La controversia prende origine a seguito dell’emissione di un avviso di accertamento notificato ad una società di ristorazione, il quale è stato prontamente impugnato dai contribuenti innanzi i Giudici tributari. In primo grado la sentenza emessa ha confermato la legittimità della pretesa dell’Agenzia seppur veniva ridotto del 20% il valore accertato. In appello, i Giudici confermavano quanto disposto in prime cure. Anche la Cassazione ha legittimato quanto disposto dai giudici di appello, ritenendo la sentenza ben motivata e pertanto incensurabile in sede di legittimità.

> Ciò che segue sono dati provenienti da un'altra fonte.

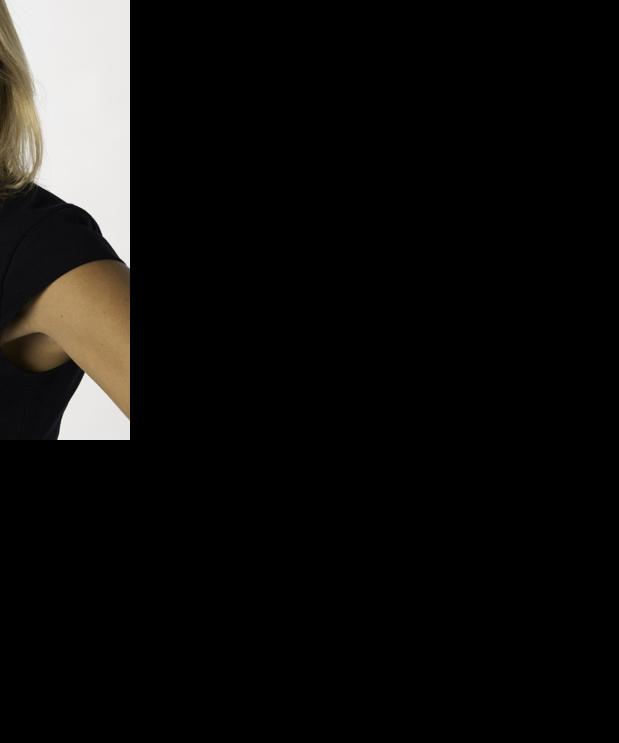 Katie Mcquaid Business Unionleader Com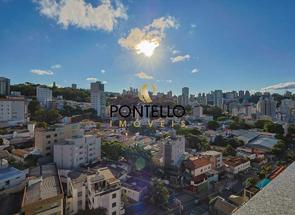 Apartamento, 2 Quartos, 2 Vagas, 2 Suites para alugar em Vila Paris, Belo Horizonte, MG valor de R$ 5.100,00 no Lugar Certo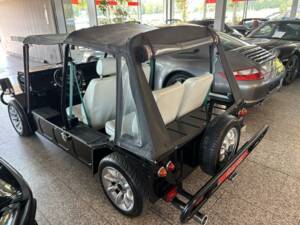 Image 18/25 de Mini Moke (1993)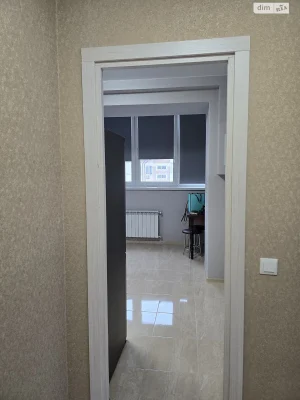 Apartment for Sale in Bucha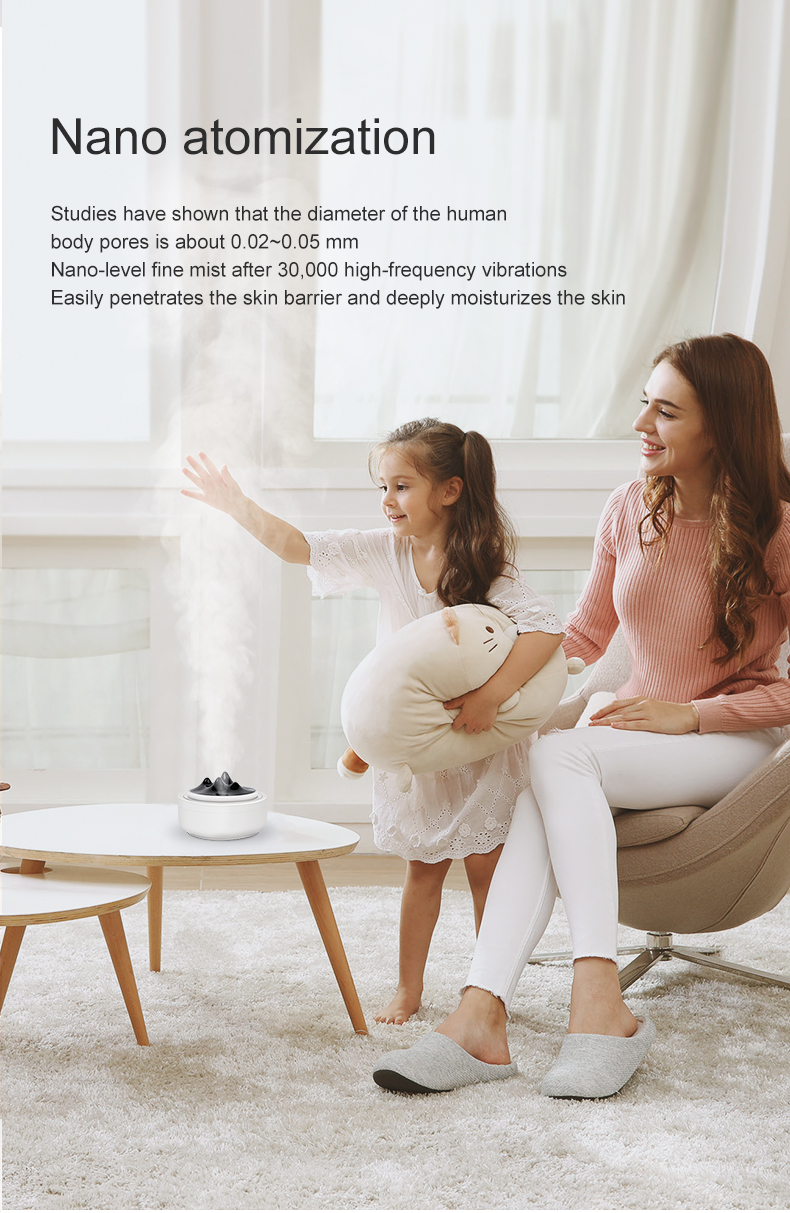 NANUM-Car-Air-Mountain-Humidifier-High-Capacity-Timed-Shutdown-Ambient-Light-1583908
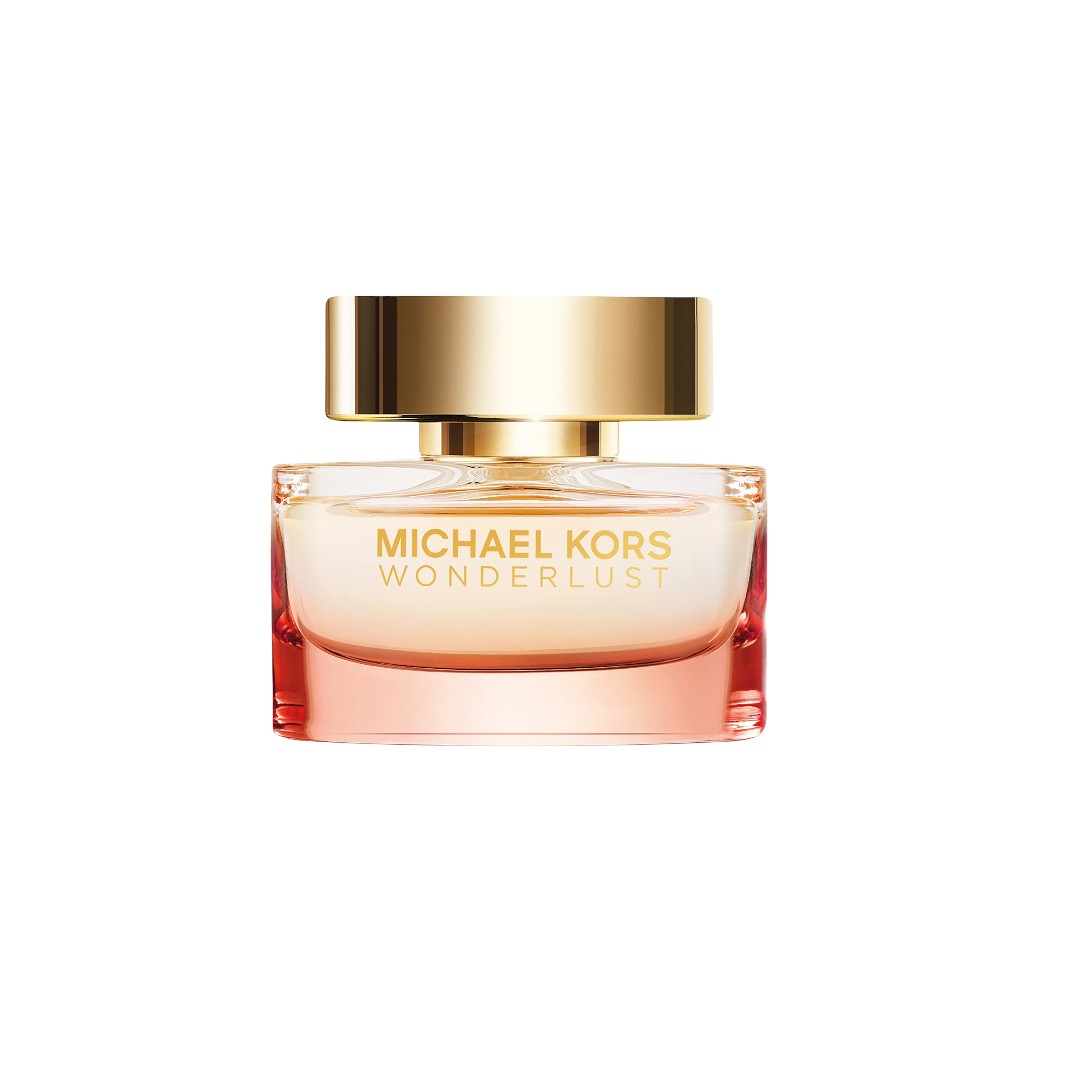 Michael Kors, Wonderlust, Eau de Parfum, Für Frauen, 30 ml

Secondo la Corte, i giudici di secondo grado hanno motivato in modo esaustivo il metodo con il quale sono giunti ad affermare la legittimità del metodo di accertamento adoperato.
Nello specifico, la sentenza ha rilevato come l’accertato utilizzo di tre lavoratori dipendenti, i quali non risultavano nei libri obbligatori, è una circostanza “idonea a far ritenere complessivamente inattendibile la documentazione fiscale e a integrare la presunzione di maggiori ricavi non dichiarati e come il giudice di prime cure, nel rettificare il reddito accertato dall’Ufficio, aveva tenuto conto dei costi dovuti all’autoconsumo”. Ciò ha fatto si che i giudici della suprema Corte rigettassero le doglianze dei ricorrenti.
In deroga alle modalità di accertamento che ordinariamente l’Amministrazione mette in atto, quest’ultima è legittimata a rideterminare un maggior reddito di impresa o di lavoro autonomo, con il metodo induttivo, nei confronti di quei soggetti obbligati alla tenuta delle scritture contabili.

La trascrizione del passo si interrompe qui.